Anonymous wrote:Interesting that is never the teachers fault. So many good teachers around.
Anonymous wrote:When I was in school, disruptive kids were not much of an issue because the school and the teachers were extremely good at managing them. If there was a disruption, the teacher could remove the child quickly from the classroom and the lesson would continue.
My experience with private schools nowadays, through my child, has been very different. I see several disruptive kids who are not being effectively managed by the teacher, and those kids are eventually expelled.
So my question is: which approach is better overall? To me, there seems to be a trend toward shifting responsibility for classroom management from the teacher to the students. What do you think?
Anonymous wrote:Anonymous wrote:Anonymous wrote:Anonymous wrote:When has a student’s behavior ever been the teacher’s fault?
Not the behavior, but the lack of skills to manage the situation. In my experience behavior problems could be easily managed by good teachers.
I’ve been teaching for over 20 years and I have strong classroom management.
Student behavior has changed dramatically. A teacher’s toolkit (the ways we can address behavior) has been greatly diminished by administrative policies.
You can’t compare what we experienced decades ago to a modern classroom.
Can you be specific about what tools have been taken away? I don't doubt you, I just want to understand specifically what teachers are no longer allowed to do.

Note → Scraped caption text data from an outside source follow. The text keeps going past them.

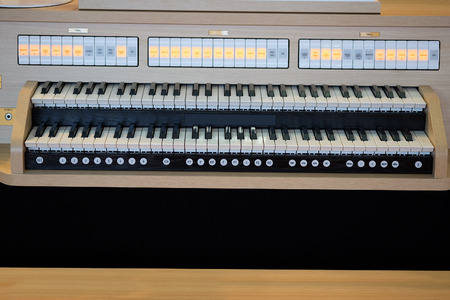 synthesizer under the white backgroundの写真素材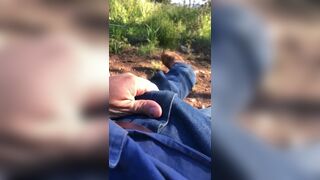 Farmer Jacks off in Nature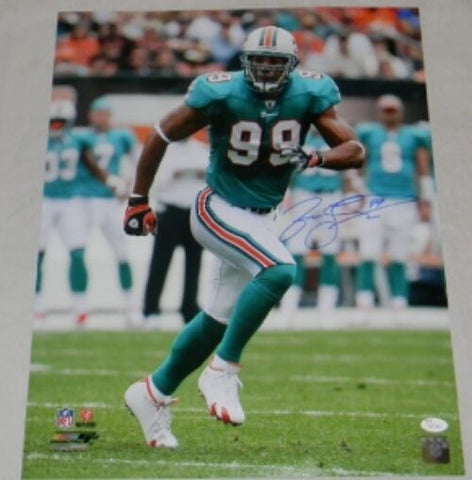 JASON TAYLOR AUTOGRAPHED SIGNED MIAMI DOLPHINS 16x20 PHOTO JSA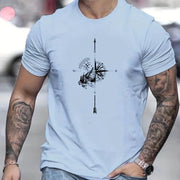 Men's Summer Casual Loose Size 100% Cotton Mountain Compass Pattern Print Round Neck Short Sleeve T-shirt Top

FWIW, I also feel like some of my tools as a parent have been deemed socially unacceptable. I often feel I am the only parent in our peer group who actually disciplines my kid, and I get side eye when I do things like make my kid go home if she cannot play well with others or denies her a treat due to poor behavior. At the same time that it feels discipline is no longer acceptable, I also get judgment for encouraging my child to exercise independence, such as having her play at the playground across the street on her own (she's 10, I can see her from my office window) or walk home from school alone.
I feel the default parenting for UMC parents is (1) give your kid whatever they want regardless of behavior but (2) never let them out if your sight until age 13. I think it leads to a lot of entitled, helpless behavior.
Anonymous wrote:Anonymous wrote:Anonymous wrote:When has a student’s behavior ever been the teacher’s fault?
Not the behavior, but the lack of skills to manage the situation. In my experience behavior problems could be easily managed by good teachers.
I’ve been teaching for over 20 years and I have strong classroom management.
Student behavior has changed dramatically. A teacher’s toolkit (the ways we can address behavior) has been greatly diminished by administrative policies.
You can’t compare what we experienced decades ago to a modern classroom.
Anonymous wrote:Anonymous wrote:Private schools expect that children be taught behavior at home, and that children be disciplined at home. Totally different environment from publics which need to accept and deal with everyone.
A disruptive child is usually counseled out. Teachers are in private schools so they can teach and not have to deal with constant behavior problems. Parents are paying to get their kids away from problemed peers.
Sometimes the disruptive kids are the youngest from “good” families who donate heavily in which case they just stick the teachers with the problem.
Anonymous wrote:Anonymous wrote:Anonymous wrote:Anonymous wrote:Anonymous wrote:Anonymous wrote:When has a student’s behavior ever been the teacher’s fault?
Not the behavior, but the lack of skills to manage the situation. In my experience behavior problems could be easily managed by good teachers.
Wow, you have VERY limited experience which the range of behaviors across the population of children.
Maybe, but I have seen VERY and MANY incompetent teachers that cannot manage their classrooms.
Sounds like you made a lot of poor choices in picking schools, then.
Not really. Just one. Going to a school with condescending people like you.